START RAW DATA

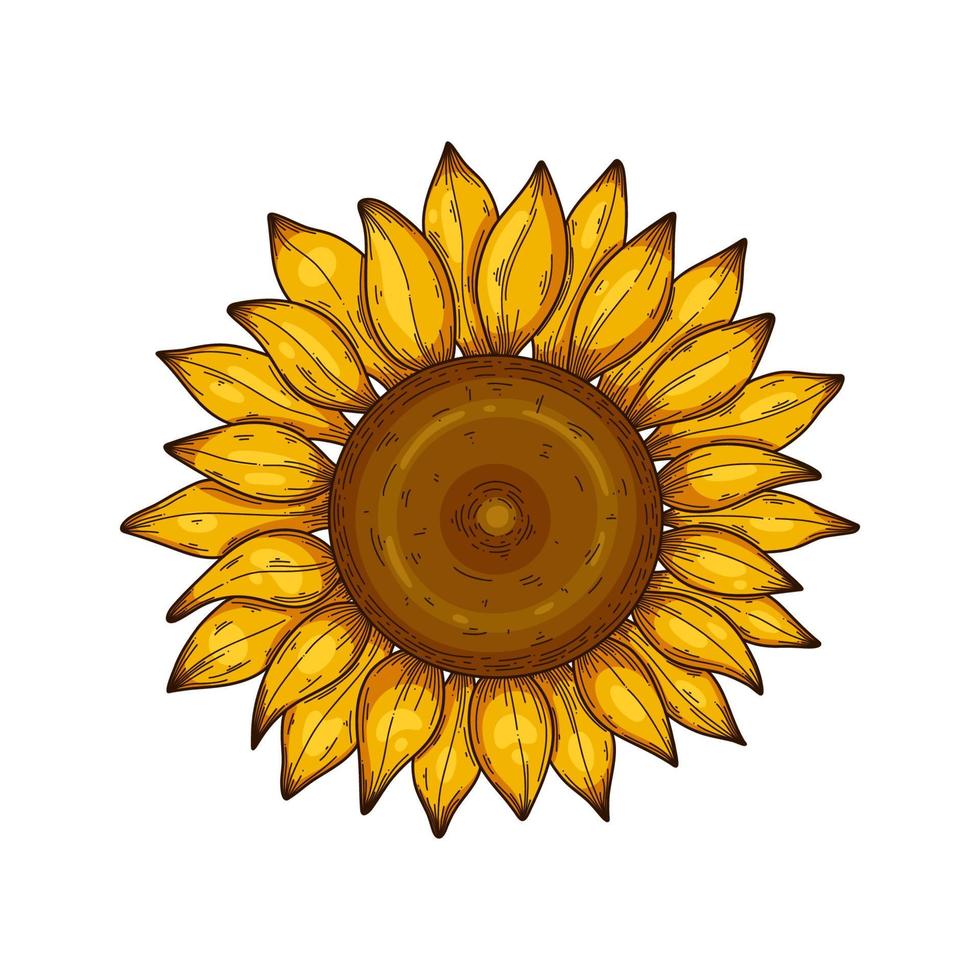 solros vektor illustration isolerat på vit. botanisk blommig illustration, vild äng solros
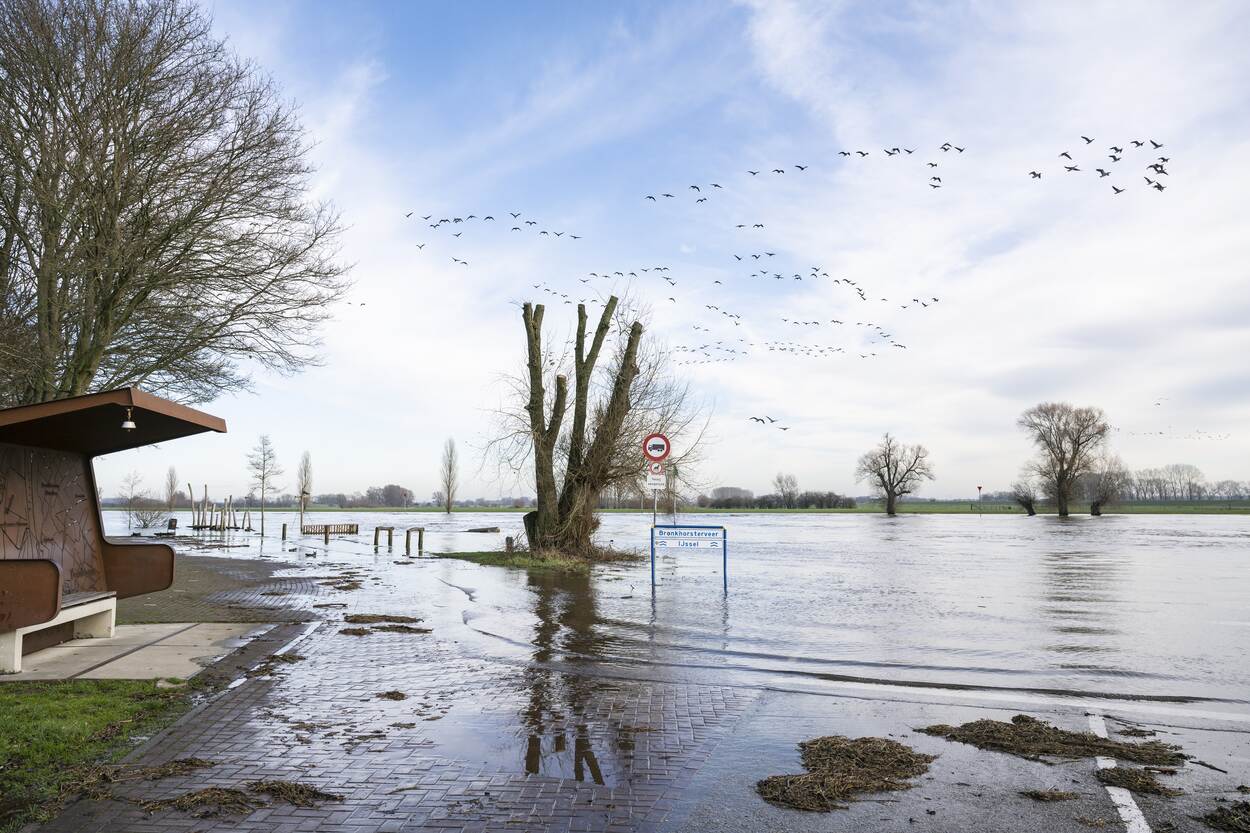 Hoogwater in de rivier de IJssel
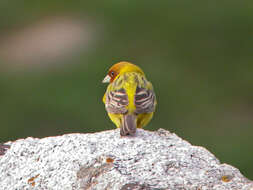 Image of Brown-headed Bunting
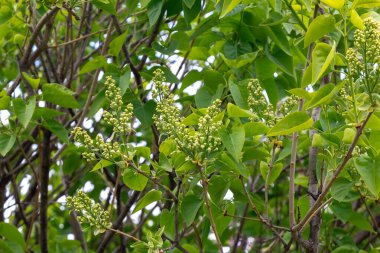 Çiçek açmak üzere olan leylak tomurcuklarının yakın çekimi güzelliği gözler önüne seriyor. Yüksek kalite fotoğraf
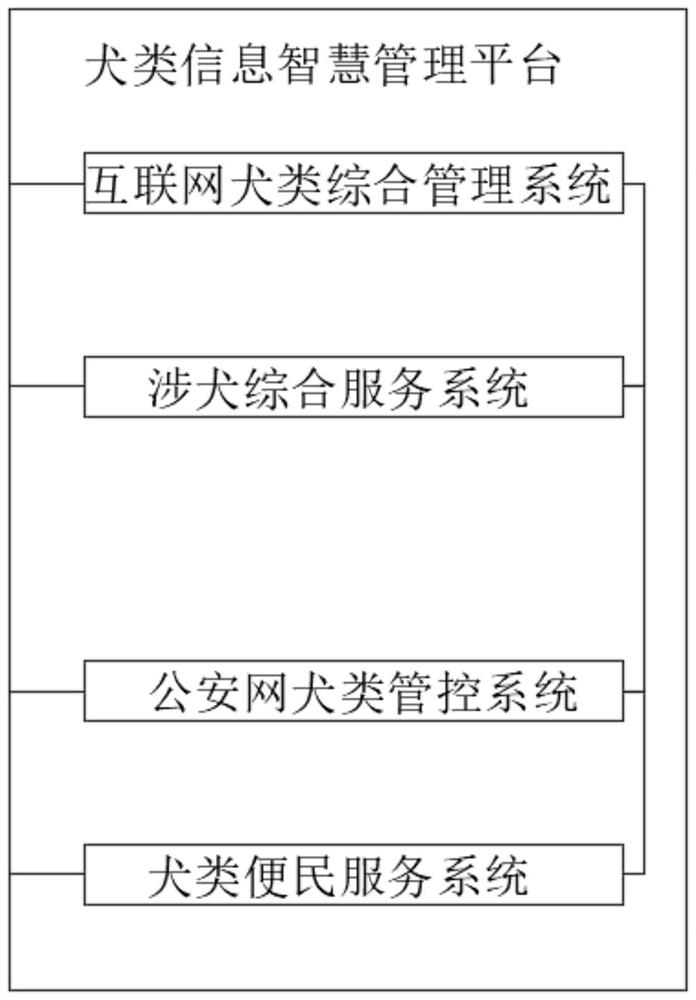 Dog information intelligent management platform and management method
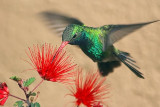 Hummingbird At A Fairy Duster 20080320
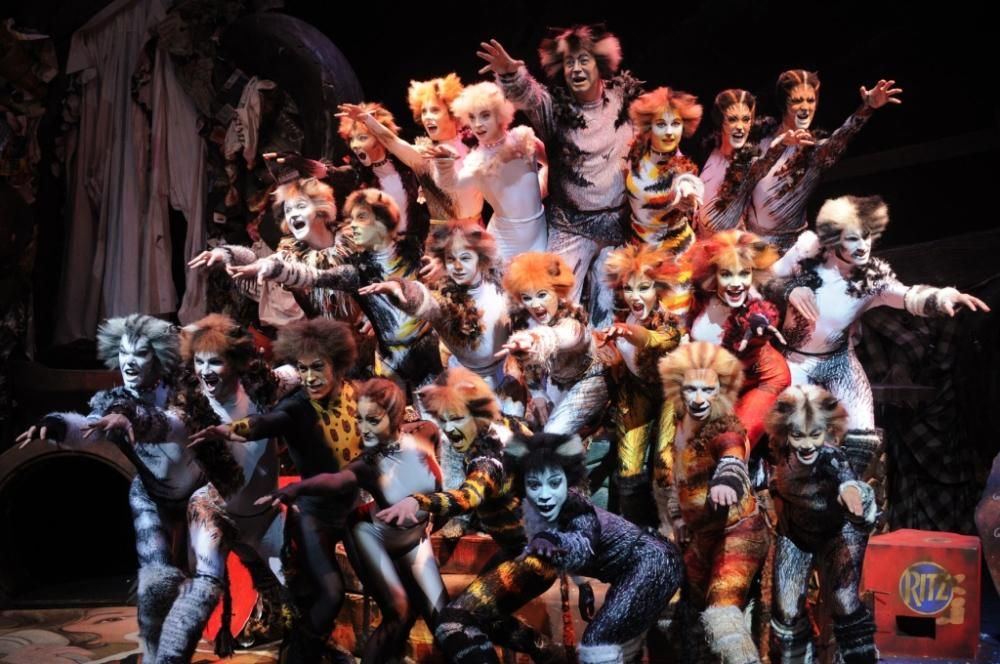 CATS_2013_98911jpg--cats___musical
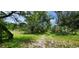 Pathway through a grassy area at 711 Sunset Ave, Orange City, FL 32763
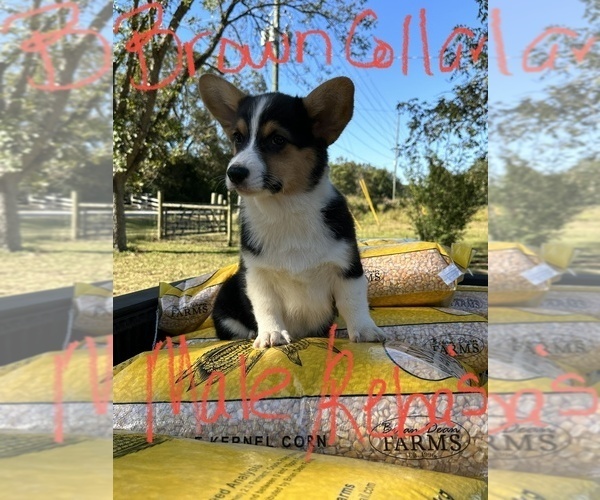 Medium Photo #3 Pembroke Welsh Corgi Puppy For Sale in FORT VALLEY, GA, USA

END RAW DATA

TASK BRIEF → All lines from the one containing "Image of Brown-headed Bunting" to the last line of the records above, and no others, should be returned unchanged, without pictures.

TASK RESPONSE →
 Image of Brown-headed Bunting
 Çiçek açmak üzere olan leylak tomurcuklarının yakın çekimi güzelliği gözler önüne seriyor. Yüksek kalite fotoğraf
 Dog information intelligent management platform and management method
 Hummingbird At A Fairy Duster 20080320
 CATS_2013_98911jpg--cats___musical
 Pathway through a grassy area at 711 Sunset Ave, Orange City, FL 32763
 Medium Photo #3 Pembroke Welsh Corgi Puppy For Sale in FORT VALLEY, GA, USA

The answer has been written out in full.